• Spice Blends
  • Bagel Seasoning and Global Spice Blends: Tuscan, Caribbean, and More

    Bagel Seasoning and Global Spice Blends: Tuscan, Caribbean, and More

    Bagel seasoning has moved far beyond the bakery. The same blend of sesame, poppy seeds, garlic, onion, and salt that belongs on everything bagels now shows up on chicken, roasted vegetables, and dips. Tuscan seasoning brings Italian herbs to everything from roasted potatoes to pasta salads. Caribbean seasoning adds warm spices and dried citrus to meats and fish. Nutritional yeast seasoning offers a savory, cheesy note for plant-based cooking. And yeast seasoning in broader terms covers fermented umami-building blends used across many cuisines. All of these spice blends share one quality: they do the seasoning work quickly.

    This guide covers what each blend contains, how to use it, and how to make your own.

    Bagel Seasoning: Beyond the Bakery

    What It Contains

    Classic bagel seasoning is a mix of white and black sesame seeds, poppy seeds, dried garlic flakes, dried onion flakes, and coarse salt. The ratio varies by brand, but garlic and onion are always prominent.

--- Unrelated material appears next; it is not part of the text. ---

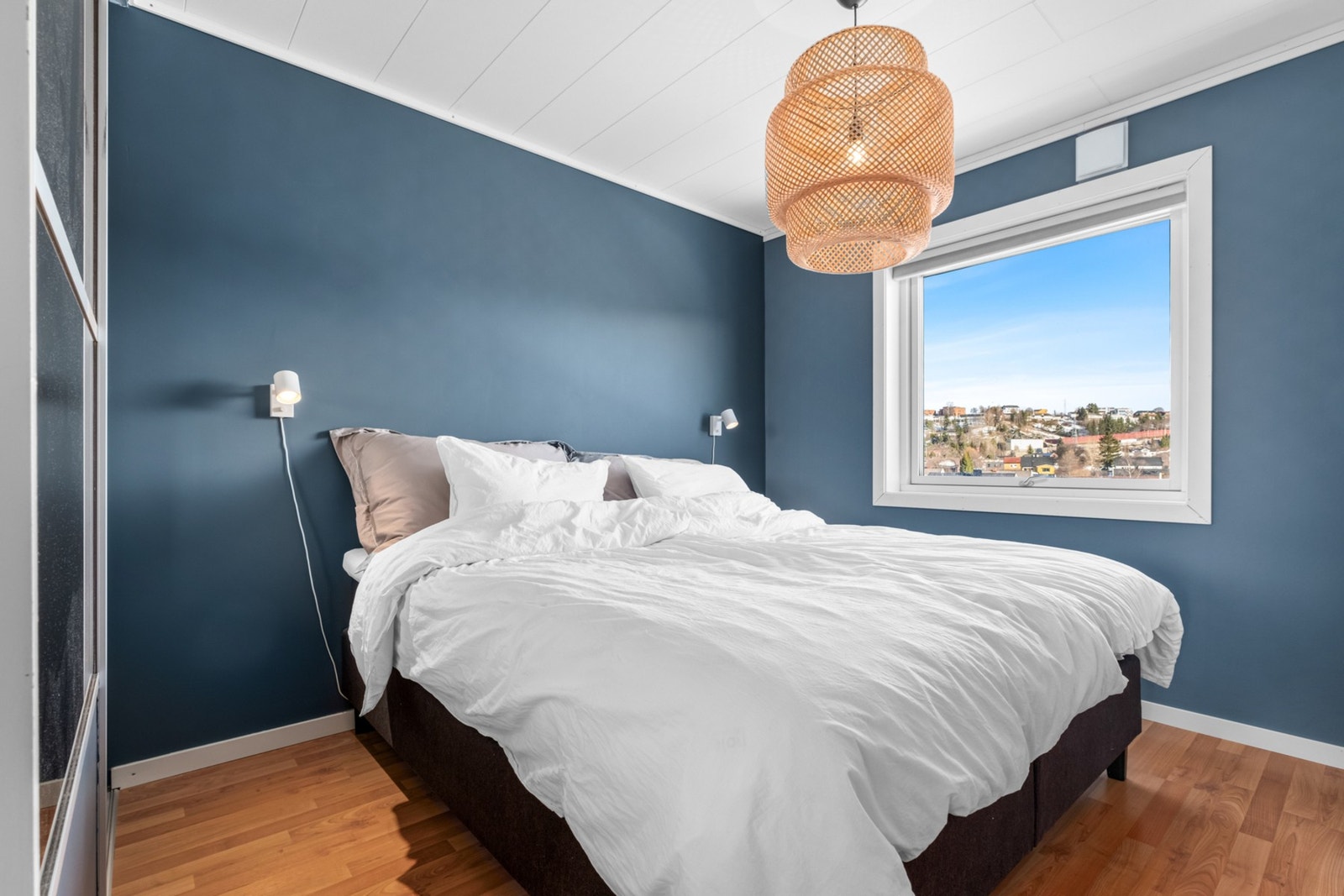 Hovedsoverommet er på ca. 11 m² Galleribilde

Some versions add caraway seeds or dried herbs. The blend is crunchy, salty, and savory all at once.

    How to Use It

    Bagel seasoning works on more than bread. Press it into cream cheese or avocado toast. Use it as a crust on salmon fillets before baking. Toss it with roasted chickpeas for a crunchy snack. Sprinkle it over scrambled eggs or potato wedges. The blend adds texture and flavor without any additional prep.

    Tuscan Seasoning

    Tuscan seasoning draws from central Italian cooking: dried rosemary, thyme, oregano, garlic, fennel seeds, and red pepper flakes. It is herbal, slightly savory, and works well on chicken thighs, white beans, and roasted root vegetables. Use tuscan seasoning as a dry rub by pressing it onto meat before roasting, or stir it into olive oil to make a quick marinade. It also works well in soups like minestrone or ribollita where Italian herb flavors anchor the dish.

    Caribbean Seasoning

    Caribbean seasoning combines warm aromatics with dried citrus. Common ingredients include allspice, cinnamon, cumin, coriander, dried thyme, garlic, onion, and sometimes scotch bonnet pepper powder. The flavor is complex, warm, and slightly sweet. Caribbean seasoning is the base for jerk-style cooking, but it also works well on grilled shrimp, roasted squash, and rice dishes. The citrus and spice combination makes it versatile beyond traditional island cooking.

    Nutritional Yeast Seasoning and Yeast Seasoning

    Nutritional yeast seasoning is deactivated yeast sold in flake or powder form, often combined with garlic, onion, and herbs. It has a nutty, cheesy flavor that makes it popular in vegan and plant-based cooking. Sprinkle nutritional yeast seasoning on popcorn, pasta, roasted vegetables, or soups in place of parmesan. Yeast seasoning in a broader sense also includes products like Marmite and nutritional yeast-based blends used to add umami to sauces and gravies.

    Pro tips recap: Keep a rotation of four or five spice blends on hand and you can season almost any protein or vegetable without consulting a recipe. Bagel seasoning, tuscan seasoning, and caribbean seasoning each cover different flavor profiles, while nutritional yeast seasoning adds umami to plant-based dishes without any animal products.